En Caná atrae la atención la presencia de María, la madre del Señor: ya estaba allí. Se había anticipado. Y en las bodas del Cordero, al pie de la cruz, tambien habría de estar allí. Insuperable modelo para la Iglesia; aprender a estar donde hay que estar, aparece solo pero siempre donde hay que estar.
Y una Boda no es cualquier cosa. Ni entonces era ni ahora es algo trivial o intrascendente. Su importancia la demuestra el que hubiera sido invitado Jesús, y, significativamente, acompañado de «sus discípulos». Para entonces Jesús ya había sido bautizado en la otra orilla del Jordán y había llamado a vivir con él a algunos discípulos.
Son los discípulos —¡nosotros!— los destinatarios del prodigio o «señal» que realizó Jesús en Caná, por la fe de su madre. Allí manifestó su «gloria«. El pasaje se cierra diciendo «Y creyeron en él sus discípulos«. Efectivamente, tenemos que preguntarnos con toda razón ¿por qué habían de creer en Él los discípulos? Solo algunos habían conocido el aval del Bautista, su anterior «maestro». Pero ellos no habian visto ni comprobado nada personalmente, en tres días.
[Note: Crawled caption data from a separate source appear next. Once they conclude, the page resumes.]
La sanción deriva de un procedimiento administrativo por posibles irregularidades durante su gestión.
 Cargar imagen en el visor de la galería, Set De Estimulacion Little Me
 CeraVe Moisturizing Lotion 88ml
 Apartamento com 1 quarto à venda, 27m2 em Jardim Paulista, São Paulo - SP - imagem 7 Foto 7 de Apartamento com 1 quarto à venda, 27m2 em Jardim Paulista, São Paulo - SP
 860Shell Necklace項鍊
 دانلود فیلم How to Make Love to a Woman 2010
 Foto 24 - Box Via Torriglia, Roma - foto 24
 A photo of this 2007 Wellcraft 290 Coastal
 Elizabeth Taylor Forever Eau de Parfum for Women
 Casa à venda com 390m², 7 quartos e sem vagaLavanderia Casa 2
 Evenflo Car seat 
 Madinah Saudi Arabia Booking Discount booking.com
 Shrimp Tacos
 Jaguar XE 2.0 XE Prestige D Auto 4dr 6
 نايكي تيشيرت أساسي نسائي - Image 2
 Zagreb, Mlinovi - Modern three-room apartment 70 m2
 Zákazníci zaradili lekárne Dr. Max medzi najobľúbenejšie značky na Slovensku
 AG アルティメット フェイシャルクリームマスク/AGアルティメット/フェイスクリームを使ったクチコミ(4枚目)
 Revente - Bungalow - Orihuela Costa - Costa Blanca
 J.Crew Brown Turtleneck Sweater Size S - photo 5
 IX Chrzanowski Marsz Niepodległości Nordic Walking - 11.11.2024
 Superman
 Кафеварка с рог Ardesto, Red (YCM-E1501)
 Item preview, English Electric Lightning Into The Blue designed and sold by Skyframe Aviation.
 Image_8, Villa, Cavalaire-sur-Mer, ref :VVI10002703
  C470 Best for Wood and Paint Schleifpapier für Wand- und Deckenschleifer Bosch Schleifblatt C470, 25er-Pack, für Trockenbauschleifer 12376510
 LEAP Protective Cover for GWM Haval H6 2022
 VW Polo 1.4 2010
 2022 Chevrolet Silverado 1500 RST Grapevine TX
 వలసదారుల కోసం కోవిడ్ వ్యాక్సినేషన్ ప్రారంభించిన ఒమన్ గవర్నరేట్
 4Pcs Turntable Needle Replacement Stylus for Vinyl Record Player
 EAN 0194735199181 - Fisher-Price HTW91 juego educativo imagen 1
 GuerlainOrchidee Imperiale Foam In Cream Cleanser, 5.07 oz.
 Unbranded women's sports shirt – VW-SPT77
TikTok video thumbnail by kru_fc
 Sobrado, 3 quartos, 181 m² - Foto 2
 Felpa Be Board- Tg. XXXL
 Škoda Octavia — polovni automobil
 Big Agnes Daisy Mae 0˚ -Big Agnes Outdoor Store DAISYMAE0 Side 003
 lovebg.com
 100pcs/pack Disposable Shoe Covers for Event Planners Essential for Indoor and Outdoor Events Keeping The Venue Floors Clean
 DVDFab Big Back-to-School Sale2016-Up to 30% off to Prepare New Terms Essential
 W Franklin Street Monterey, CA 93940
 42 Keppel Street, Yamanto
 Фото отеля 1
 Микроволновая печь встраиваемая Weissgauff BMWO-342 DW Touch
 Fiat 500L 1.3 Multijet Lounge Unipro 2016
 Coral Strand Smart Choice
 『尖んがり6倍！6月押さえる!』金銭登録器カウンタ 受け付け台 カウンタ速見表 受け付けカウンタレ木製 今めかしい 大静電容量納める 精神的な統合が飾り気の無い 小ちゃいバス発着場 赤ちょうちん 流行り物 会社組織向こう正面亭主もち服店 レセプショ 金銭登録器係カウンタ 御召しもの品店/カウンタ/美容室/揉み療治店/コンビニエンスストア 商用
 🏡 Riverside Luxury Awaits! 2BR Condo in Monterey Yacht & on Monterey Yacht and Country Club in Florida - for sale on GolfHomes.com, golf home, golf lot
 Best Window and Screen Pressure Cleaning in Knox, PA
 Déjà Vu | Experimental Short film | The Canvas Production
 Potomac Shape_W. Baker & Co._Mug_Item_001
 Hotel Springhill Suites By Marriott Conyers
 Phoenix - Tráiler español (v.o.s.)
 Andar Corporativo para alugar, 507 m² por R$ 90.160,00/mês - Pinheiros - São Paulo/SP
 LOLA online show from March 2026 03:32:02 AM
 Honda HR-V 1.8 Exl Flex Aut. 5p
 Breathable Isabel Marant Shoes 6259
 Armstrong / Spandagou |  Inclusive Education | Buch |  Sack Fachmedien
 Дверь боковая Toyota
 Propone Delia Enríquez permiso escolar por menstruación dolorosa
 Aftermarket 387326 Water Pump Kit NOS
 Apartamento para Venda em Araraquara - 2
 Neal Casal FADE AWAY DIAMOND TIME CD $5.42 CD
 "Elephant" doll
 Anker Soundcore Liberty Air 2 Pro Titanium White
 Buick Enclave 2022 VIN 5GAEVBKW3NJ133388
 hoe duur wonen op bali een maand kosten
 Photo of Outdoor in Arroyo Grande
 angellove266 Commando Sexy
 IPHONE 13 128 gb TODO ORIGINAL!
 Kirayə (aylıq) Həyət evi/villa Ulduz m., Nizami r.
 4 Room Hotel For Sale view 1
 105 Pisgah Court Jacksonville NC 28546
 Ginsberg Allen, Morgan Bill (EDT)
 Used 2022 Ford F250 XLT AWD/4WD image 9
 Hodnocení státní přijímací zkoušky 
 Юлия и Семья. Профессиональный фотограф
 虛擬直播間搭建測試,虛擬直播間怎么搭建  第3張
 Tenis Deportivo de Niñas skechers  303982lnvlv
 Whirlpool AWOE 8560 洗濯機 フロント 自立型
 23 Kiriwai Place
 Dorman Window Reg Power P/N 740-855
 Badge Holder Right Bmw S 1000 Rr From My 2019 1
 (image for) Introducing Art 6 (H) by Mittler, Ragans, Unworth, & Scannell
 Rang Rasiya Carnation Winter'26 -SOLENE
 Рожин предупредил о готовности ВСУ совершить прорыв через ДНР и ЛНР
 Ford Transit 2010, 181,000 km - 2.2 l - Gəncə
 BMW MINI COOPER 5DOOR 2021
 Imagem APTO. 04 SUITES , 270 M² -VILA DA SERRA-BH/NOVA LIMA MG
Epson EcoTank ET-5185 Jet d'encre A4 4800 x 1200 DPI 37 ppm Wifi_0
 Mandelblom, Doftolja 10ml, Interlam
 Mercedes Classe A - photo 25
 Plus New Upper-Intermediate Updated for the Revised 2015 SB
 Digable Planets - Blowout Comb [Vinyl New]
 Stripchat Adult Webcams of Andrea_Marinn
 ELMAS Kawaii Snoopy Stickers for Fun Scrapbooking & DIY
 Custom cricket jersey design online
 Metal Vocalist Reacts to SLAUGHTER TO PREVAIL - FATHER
Así presenciaron estupefactos una señal inagotable en simbolismo; convertir —ante sus propios ojos— agua en vino. Y no cualquier agua y no cualquier vino. El vino resultó ser excelente, hasta asombrar al maestresala (la boda, era, por tanto, de postín) y en una cuantía ingente (Benedicto XVI lo ha cuantificado en unos 520 litros). Pero quiero detenerme en el agua. El agua —con multitud de significados— aquí guarda relación con la tinajas o vasijas que, en el Evangelio se identifican como aquellas que usan los judios para su purificación. En un contexto nupcial no se puede excluir una alusión clara a la purificación posmenstrual que debían hacer las mujeres en orden a su «santidad», es decir, con miras a su fertilidad, cifrada en que no se desperdiciara la semilla del varón.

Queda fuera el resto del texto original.